Saat ini Margo membagikan ilmunya kepada siapa saja yang tertarik untuk belajar tentang bibit jelutung, karena menurutnya masih ada peluang bisnis yang bagus bagi mereka yang ingin melakukan pembibitan jelutung untuk mendapatkan keuntungan. Dengan menggunakan strategi bagi hasil miliknya, ia kini menyediakan buah berisi biji jelutung bagi calon pembudidaya, dan mengambil bagian 25% dari hasil penjualan mereka. Setiap tahun, jelutung berbunga pada bulan September dan berbuah pada bulan Maret. Sebelum buah jatuh ke tanah, buah harus segera dipetik. Setiap buah berisi sekitar 10 biji.
“Saat pohon saya berbuah, hasil panennya sekitar 10-20 kg per musim (setahun sekali). Buahnya seharga Rp3,5 juta per kg. Satu kilogram buah berisi sebelas ribu biji jelutung,” katanya.
Budidaya Bibit Jelutung
Menurut Pak Margo, berikut adalah langkah-langkah yang diperlukan untuk budidaya bibit jelutung:
Pemilihan benih | Pilih benih dengan hati-hati dan hindari biji yang sudah tua, tipis atau berwarna gelap kecoklatan. Biji putih juga sebaiknya dihindari. |
Fase kecambah | Setelah itu, tabur benih dan tunggu sekitar 2-3 minggu, sampai muncul tunas. |
Pemindahan kecambah ke polybag | Tempatkan masing-masing benih yang bertunas dalam polybag dan biarkan tumbuh selama kurang lebih 1,5 tahun di dalam polybag. Rumput harus dijaga agar tumbuh seminimal mungkin di area tersebut. |
Penanaman di ladang/kebun | Tanam benih hanya jika batangnya sudah berwarna hijau tua dan cukup keras untuk bertahan hidup saat ditanam. **Dengan pemilihan dan penanganan yang cermat diharapkan 50% benih akan menjadi bibit jelutung siap tanam yang berhasil. |
Memanen Getah dan Kayu
Margo mengatakan bahwa dia juga menyadap pohon jelutung liar di hutan bertahun-tahun yang lalu. Namun hal tersebut tidak berlangsung lama karena berisiko diserang oleh hewan liar di hutan seperti ular.
“Jelutung lebih mudah untuk disadap daripada karet dan lebih produktif. Rata-rata, setiap pohon bisa menghasilkan sekitar 1 kilogram getah.” Dan meskipun getahnya sulit untuk dijual karena kurangnya kolektor dan pembeli, produk ini memiliki harga yang jauh lebih tinggi daripada karet. Selanjutnya, getah hanya perlu disiram dengan air panas sebelum dijual ke pengepul.

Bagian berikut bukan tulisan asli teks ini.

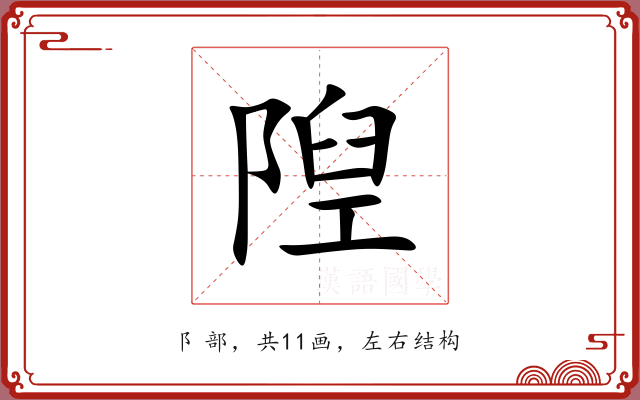 隉 隉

Pak Margo menambahkan, selain getahnya, pohon jelutung juga bisa ditanam di perkebunan untuk diambil kayunya: “Pohon usia 12 tahun bisa digunakan, tapi kayunya cepat rusak. Berbeda dengan jelutung yang berusia 30-40 tahun, usianya bagus bahkan cocok untuk gitar,” imbuhnya.
Berkontribusi pada Program Penelitian dan Rehabilitasi Hutan

Hutan jelutung mini seluas 1,5 hektar di belakang rumah Margo terdiri dari dua spesies: varietas hutan rawa gambut dataran rendah yang disebut jelutung rawa (Dyera polyphylla) dan varietas hutan bukit dataran tinggi yang disebut jelutung bukit (Dyera costulata). Hutan mininya berfungsi sebagai laboratorium hidup bagi banyak ilmuwan dari Indonesia dan negara lain, termasuk Britania Raya dan Australia.
“Saya bangga bisa membuktikan kepada anak-anak dan masyarakat bahwa tanaman liar yang Tuhan tanam di hutan juga bisa dirawat di dekat rumah” jelasnya.

Margo mendapat 'rejeki nomplok' sepuluh tahun lalu ketika menyadari jelutung menjadi populer untuk program rehabilitasi lahan gambut di Kalimantan Tengah. Dengan perkebunan di halaman belakang rumahnya, ia ditempatkan dengan baik untuk menyediakan benih untuk program-program ini. Saat itu, satu polybag penuh benih jelutung seharga Rp1.500 dan dia menemukan bahwa dia bisa menghasilkan 50-150 ribu polybag benih jelutung per tahun dan menjualnya ke pemerintah melalui proses tender. Biayanya hanya sekitar Rp250 per polybag (biaya media tanam dan tenaga kerja) di luar biaya perawatan. Ia mengatakan tidak ada kendala untuk menjual benih karena semuanya digunakan untuk memenuhi kebutuhan program rehabilitasi hutan pemerintah.
[1] [1] Sebuah wilayah di Kabupaten Katingan, sekitar 67 kilometer dari Ibu Kota Kalimantan Tengah.